First of all, isn’t it ironic that the people demand a sign from Jesus immediately after He performs a sign? Not only did He cast out a demon with supernatural authority, but the details of the healing are dripping with symbolism. Jesus will unpack that in a bit. The people demand a sign from Jesus, apparently to prove that He was indeed sent from God, and not Himself possessed with secret, demonic power.
Of course, the sign that Jesus is from God is right in front of them, but they can’t see it. It’s not the supernatural phenomenon they witnessed, but the fact that Jesus stands against the work of the devil. But He, having known their intentions, said to them, “Every kingdom divided against itself is desolated, and a household upon a household falls. And also if Satan is divided against himself, how will his kingdom stand? Because you say that by Beelzebul I am casting out demons” (vv 17-18). The devil does not stand against himself; he wouldn’t have lasted this long and caused this much havoc in the world if he were that clueless. On the contrary, the devil is a master tactician in his spiritual battle.
The crowd’s confusion makes them drop their guard for another kind of demonic activity. The demon possessing the man prohibited him from speaking, but there was another demonic activity at work in the crowd itself. The devil was very much at work in their very calm, lucid, and casual opposition to Jesus. Demonic activity is just as often—if not more often—plain, everyday, earthly opposition to Christ and His gifts.
The devil works in concert with human nature. He knows just how to poke and prod and goad the Old Adam to draw his hand back from the gift of God, as if it’s something that would harm him. Because it’s Satan’s chief work to lead us to false, believe, despair, and other great shame and vice. His aim and goal is to get you to refuse the gift of God, to dismiss it, despise it, decry it. He wants to you to demand a sign from God apart from the divinely given signs that are set before you.
The devil’s supernatural powers are great, but they only can ever be a crude imitation of the work of God. Like the magicians in Egypt, who could replicate the signs of Moses and Aaron to an extent, the devil can imitate the power of God. St. Paul writes, It’s no wonder, because Satan disguises himself as an angel of light (2 Cor 11:14). But the supernatural activity of the devil is only a distraction from his chief aim—to cause you to speak against God.

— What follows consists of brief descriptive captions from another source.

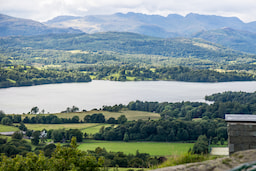 Views Windermere Lakes 1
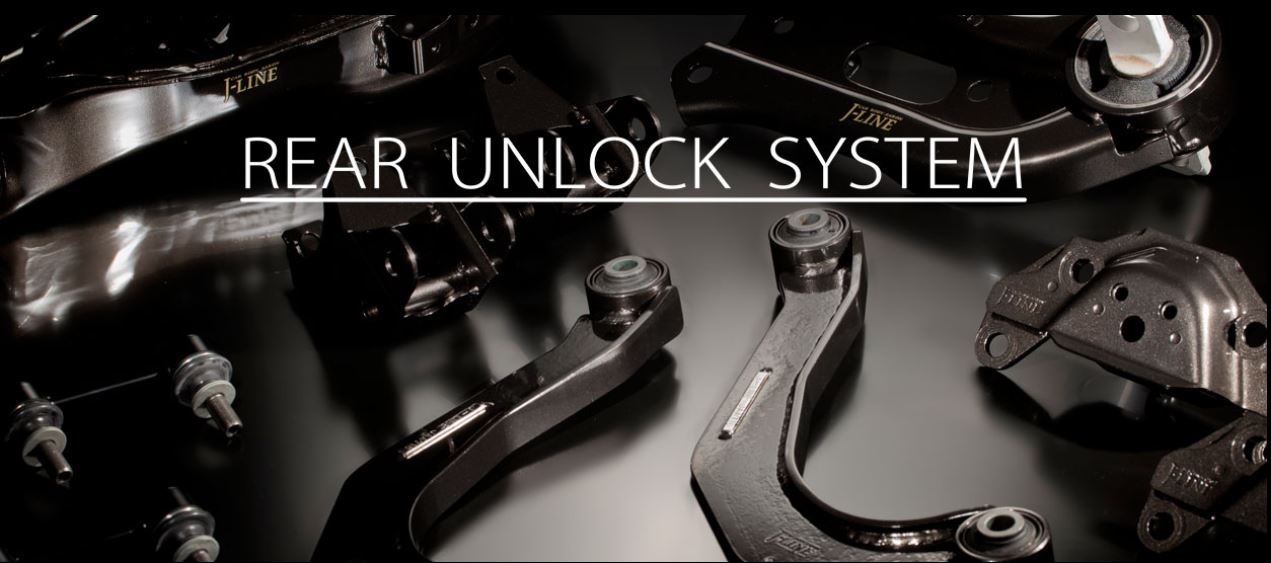 楽天市場】J-LINE (ジェーライン) エアコンパイプ位置上げキット 30系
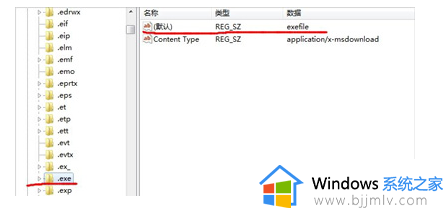 win7桌面图标点击没有反应怎么办_win7图标点了没反应修复方法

This is the devil’s strong armor, by which he would keep you under his spell. And it’s a confusion and delusion that is too hard to break by an act of the will. You can never convince someone that he is in Satan’s domain by reason; the crowds saw a devil go out of a man and still demanded a sign from Jesus. How do you break free of this demonic dominion?
You can’t. You need someone to free you. And if by the finger of God I am casting out demons, then the reign of God has come among you. When a strong man has been fully armed, that he may guard his own palace, his possessions are in peace. But if a stronger man than he comes up that he may conquer him, he takes away his complete armor from him in which he had trusted, and divides his spoils (vv 20-22).
The magicians in Egypt recognized the Finger of God as a power stronger than their own demonic power. But this phrase is not just an anthropomorphism, that is, a way to try to understand God by ascribing to Him a human characteristic. The phrase, “the Finger of God,” means precisely, “the Spirit of God,” as St. Matthew writes in his parallel account.
With this strong Finger, Jesus casts out the unclean spirit and makes room for the Holy Spirit. He, the stronger Man, defeats the strength of Satan and takes from him the spoils of war. And
You Are the Spoils of the Stronger Man’s Victory
Claimed for His kingdom.
As I said, the healing of the demon-possessed man is dripping with symbolism, and Jesus begins to unpack it for the crowds. First, the demon prevents the man from speaking, but he finds his voice when the unclean spirit departs. Then, Jesus explains what happens when an unclean spirit departs, as well as the danger of having an “open house.”
“When the unclean spirit has gone out from a person, he passes through waterless places seeking rest; and when he does not find it, then he says, ‘I will return to my house from which I came.’ And when he comes, he finds it having been swept and arranged in order. Then he goes and brings seven other spirits more evil than himself and after going in takes up residence there; and the end of that person is worse than the beginning” (vv 24-26).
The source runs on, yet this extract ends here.